In fact, the following few poems in this timely volume continue the theme with a lyrical subtlety which belies Humphreys’ open-eyed determination to give an honest assessment of ‘cottaging’, of the obliging of homosexuality into the clandestine margins. ‘The Cottage’ renders a park toilet, and a group masturbation, at which the narrator finds himself repulsed, against a backdrop of imagined roses and honeysuckle. It is easy to imagine humour springing from a contrast which, paradoxically, restores the expression to its arcadian context of flower-garlanded thresholds. In one sense meaningful, in another, ridiculous, ‘cottaging’ makes of a halcyon, soporific noun, a dangerous active verb which demonises participants by implication.

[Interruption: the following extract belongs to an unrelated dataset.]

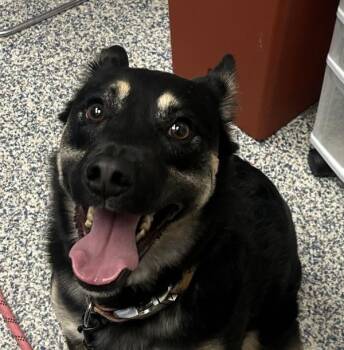 Lotus -  Australian Shepherd Dog for Adoption in Golden, Colorado - Lotus | PetCurious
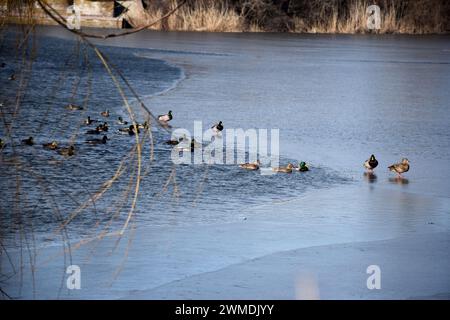 Stockenten-Weibchen mit kleinen Enten in lebendiger Natur am Fluss an einem sonnigen Tag. Brutsaison bei Wildenten. Stockenten-Ente mit einer Brut in einer Kol Stockfoto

Not that this poet, is without humour. There are many highly adept, mostly sardonic, comedic observations in Zebra. And sometimes, Humphreys nails it with a simple vignette, as in ‘Dim sum decorum’, which makes exceeding light of the idea of a free-for-all over the observation of propriety, and reminded me, obscurely, of Liam Gallagher’s infamous airborne incident where another on-board free-for-all involving the chucking about of cakes, and subsequent arrest, concluded with twenty five per cent of Oasis saying he wouldn’t mind but he ‘really fancied them scones’. Ditto, evidently, with Dim sum:

‘He who takes
the last prawn dumpling
without asking
three times
if anyone else wants it,
will see stars.’


It is well that this poetics of memory, of upbringing and identity, of conflict and anxiety, of the natural world, and of occasional levity, should find the kind of resolution that is borne out of defiance. The deeply affecting affirmation of love in a bucolic landscape, ‘Two men walking’, is an embodiment of bonded continuity which somehow lets naturally onto two terrain – the Greenwich Village of 1969 and the discotheques of the seventies and eighties – which embody a spirit of insouciant resistance to the institutional enervation of the homophobic status quo. The brio, the efflorescence of an earlier time, are here wrapped in poems of fizzing, rhythmical élan. ‘Look how far we’ve come, Toto’ and ‘Return of the discotheque dancers’ are irrepressibly celebratory. The latter, imagining a foregathering of the dead before their time, pays sincere homage in a language of barely-contained joy:

‘   Our song’s half sung
  so flex your voices, roar like guns. Tallulah’s waiting!
Devilish nuns are roller-skating!’


In all of its magnificent bounty Zebra must be one of the poetry collections of 2019.

Zebra is published by Nine Arches Press.